### Exercise description
Write out exactly the lines below that run from the one containing "多肉品种多,这几种路边就能找到,这下省钱了!" through the one containing "Eine Kleinlibelle ließ", both included, with no other lines.

### Material provided

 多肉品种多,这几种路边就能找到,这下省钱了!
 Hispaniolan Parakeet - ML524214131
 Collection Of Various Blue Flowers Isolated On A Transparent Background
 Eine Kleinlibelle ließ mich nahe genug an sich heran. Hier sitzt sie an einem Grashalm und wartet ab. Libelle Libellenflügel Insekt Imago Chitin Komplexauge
--
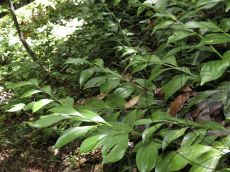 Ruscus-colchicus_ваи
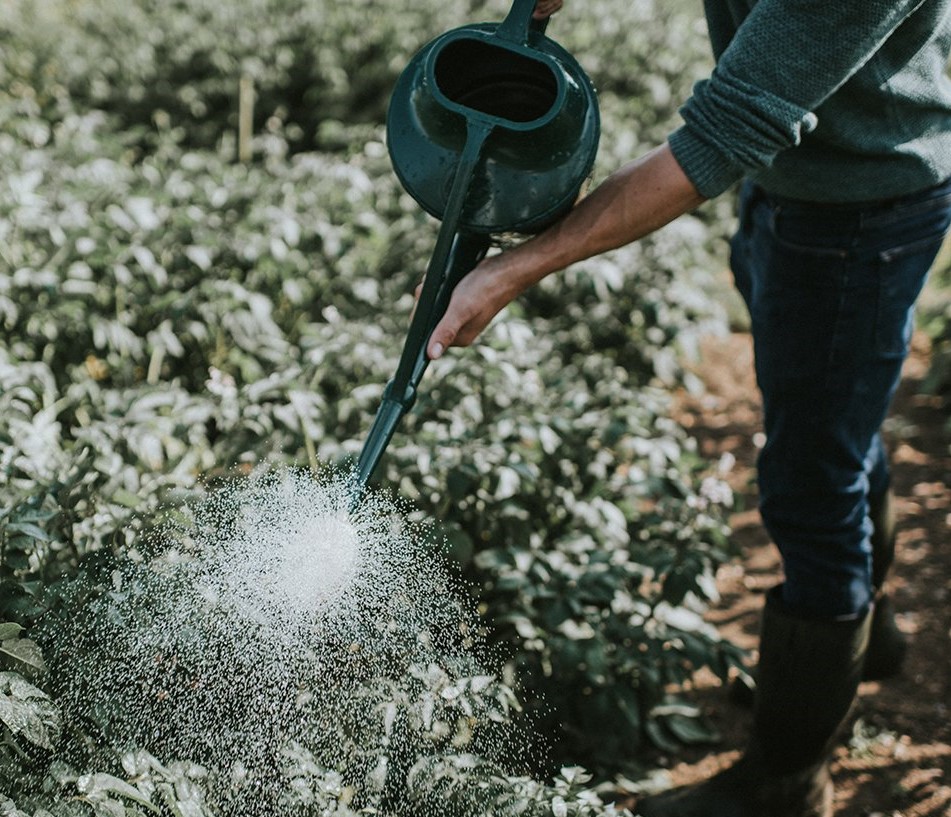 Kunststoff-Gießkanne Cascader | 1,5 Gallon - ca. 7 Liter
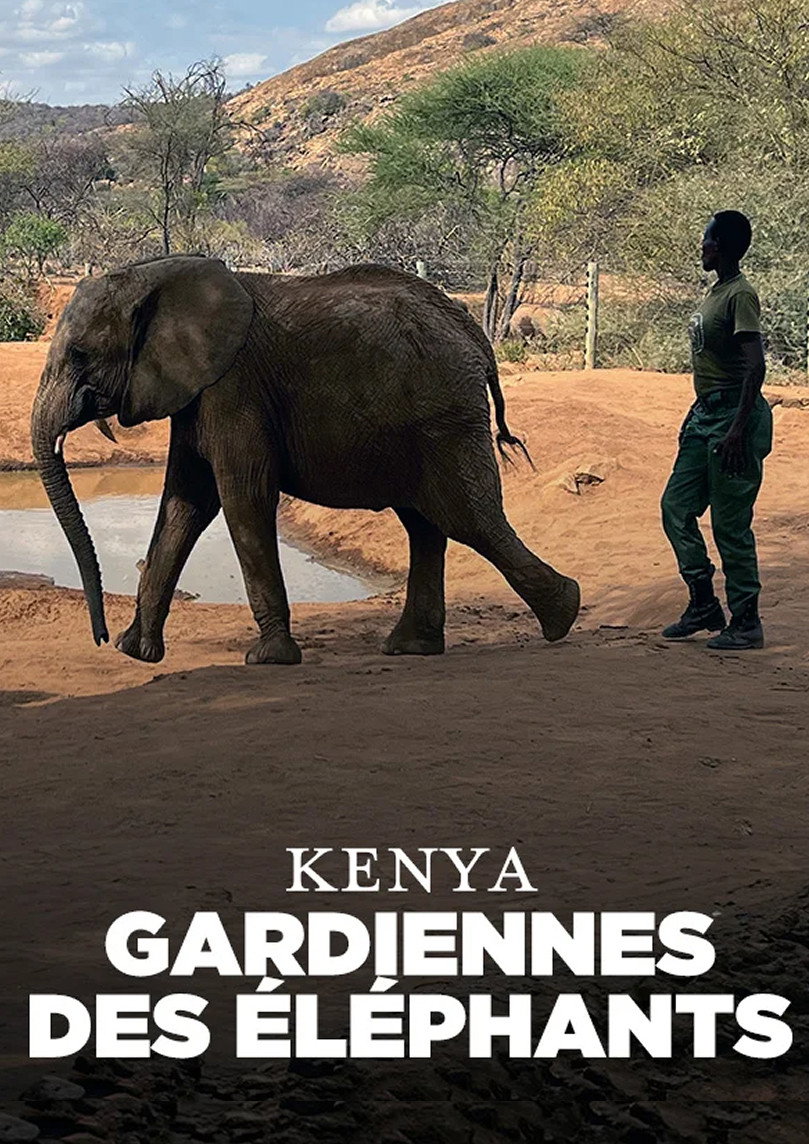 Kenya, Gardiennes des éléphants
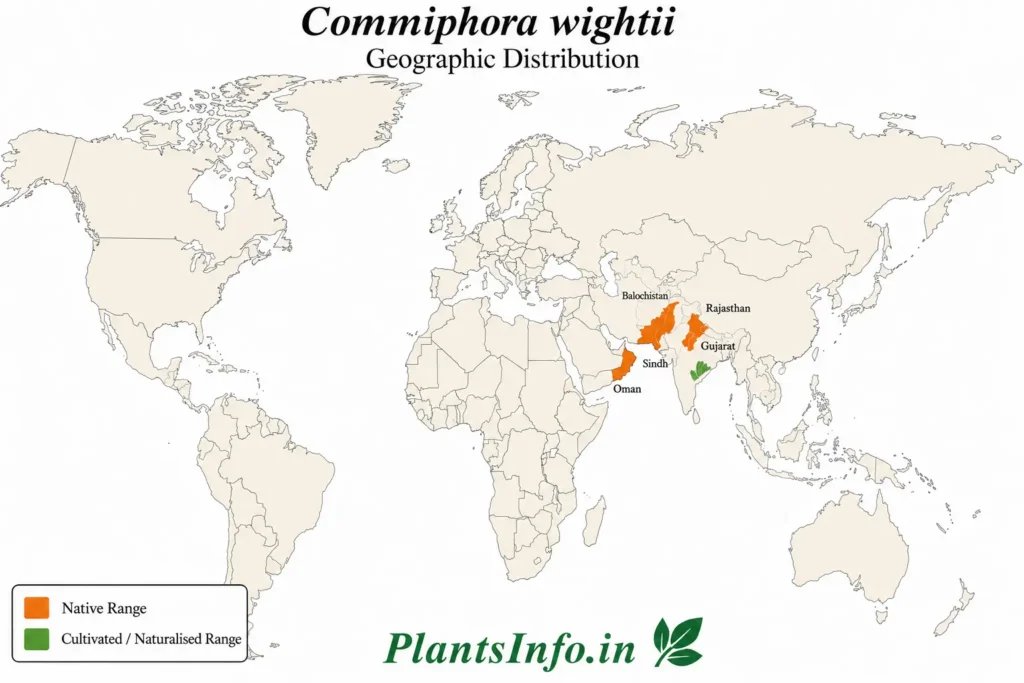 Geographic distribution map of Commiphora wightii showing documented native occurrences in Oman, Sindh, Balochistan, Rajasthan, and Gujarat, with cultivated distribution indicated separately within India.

### Exercise solution
 多肉品种多,这几种路边就能找到,这下省钱了!
 Hispaniolan Parakeet - ML524214131
 Collection Of Various Blue Flowers Isolated On A Transparent Background
 Eine Kleinlibelle ließ mich nahe genug an sich heran. Hier sitzt sie an einem Grashalm und wartet ab. Libelle Libellenflügel Insekt Imago Chitin Komplexauge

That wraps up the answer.